Qualche criticonzolo potrebbe fare la «pensata» di buttarsi sulla locuzione «economia privata» usata nel testo per impostare il solito gioco: ieri sostenevate il contrario di oggi. Tempo perso! Il punto 12 è là ad avvertire che «il passaggio di intraprese private allo Stato e alle amministrazioni locali, non corrisponde minimamente al concetto comunista». Ciò fatto ritorniamo al bravo Rosmer, cui riconosciamo almeno il merito di non posare a creatore di «nuove» teorie.

La tesi citata respinge punto per punto tutte le principali posizioni del sindacalismo rivoluzionario: azione economica,  sindacato come organo rivoluzionario, abolizione dello stato come atto insurrezionale, gestione della produzione da parte dei sindacati. Le opposte posizioni comuniste ne risultano per contrasto: supremazia dell'azione politica, partito di classe spoglio di influenze operaistiche, conquista del potere e dittatura del proletariato, organizzazione centrale della produzione e della distribuzione, deperimento dello Stato. Chiaro che l'unico punto comune ma non certamente tale da cancellare la sostanziale inconciliabilità dei programmi, era la rivendicazione dell'uso della violenza, propugnata contro il riformismo.

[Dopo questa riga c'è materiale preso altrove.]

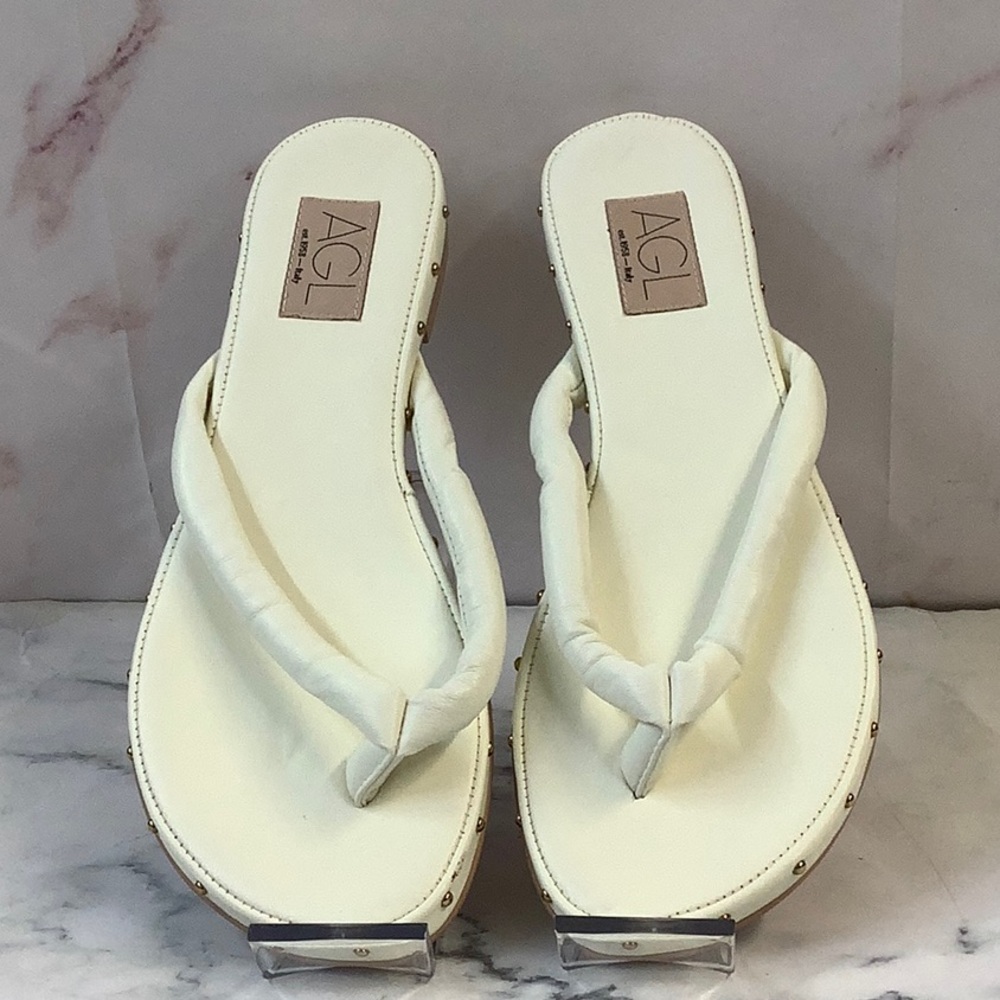 NWT AGL White Slippers Size 10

Non solo ragioni di spazio, ma anche il disegno del presente studio ci impongono di evitare la riproduzione di altri punti, quali l'11° sui Consigli di fabbrica, il 12° sull'aziendalismo, il 15° sulla dittatura e infine il 17° sull'anarchismo. Li riscriveremo nelle prossime puntate, venendo a parlare del contrasto sorto tra la Sinistra Italiana da una parte e l'Ordinovismo e il Comintern dall'altra. In quell'occasione il libro di Rosmer ci offrirà interessanti particolari. Prima di chiudere vogliamo però riportare la tesi n. 6 della prima parte (teoria) del testo:

«Questa lotta rivoluzionaria è il conflitto di tutta la classe proletaria contro tutta la classe borghese. Il suo strumento è il partito politico di classe, il Partito Comunista che realizza la cosciente organizzazione di quell'avanguardia del proletariato che ha compreso la necessità di unificare la propria azione, nello spazio al di sopra degli interessi dei singoli gruppi, categorie o nazionalità; nel tempo, subordinando al risultato finale della lotta i vantaggi e le conquiste parziali che non colpiscono l'essenza della struttura borghese. E' dunque soltanto l'organizzazione del partito politico che realizza la costituzione del proletariato in classe lottante per la sua emancipazione».

Rosmer è servito. Ci darebbe atto, ne siamo sicuri, se ci leggesse, che lo abbiamo fatto con la stessa mancanza di acidità che si nota nella critica delle posizioni politiche che egli non condivide.

La Sinistra Italiana, ieri organizzata nella Frazione Astensionista e nel Partito comunista d'Italia, oggi continuantesi nel nostro partito,  può affermare di avere nei trentacinque anni trascorsi, tenuto fede al principio di «subordinare al risultato finale della lotta i vantaggi e le conquiste parziali» che facilmente si possono ottenere barattando con arrivistiche dottrinelle pseudo-marxiste che sembrano promettere notorietà e successo, il duro programma marxista che chiede ai suoi sostenitori solo l'ostinata determinazione di non mollare uno solo dei capisaldi. La Sinistra Italiana non è stata guida di imprese rivoluzionarie per necessità del corso storico, ma contrariamente a quanto accaduto alle formazioni politiche travolte nel crollo della terza Internazionale, cui non scampava lo stesso partito bolscevico, ha saputo trasformare una terribile sconfitta del proletariato internazionale in premessa sicura e ancora più terribile sconfitta della borghesia. E l'ha fatto perché, sull'esempio di Marx e di Lenin, ha tratto dalla sconfitta di una rivoluzione proletaria la conferma della inattaccabilità della teoria marxista e l'ennesima prova del marcio della cultura dominante.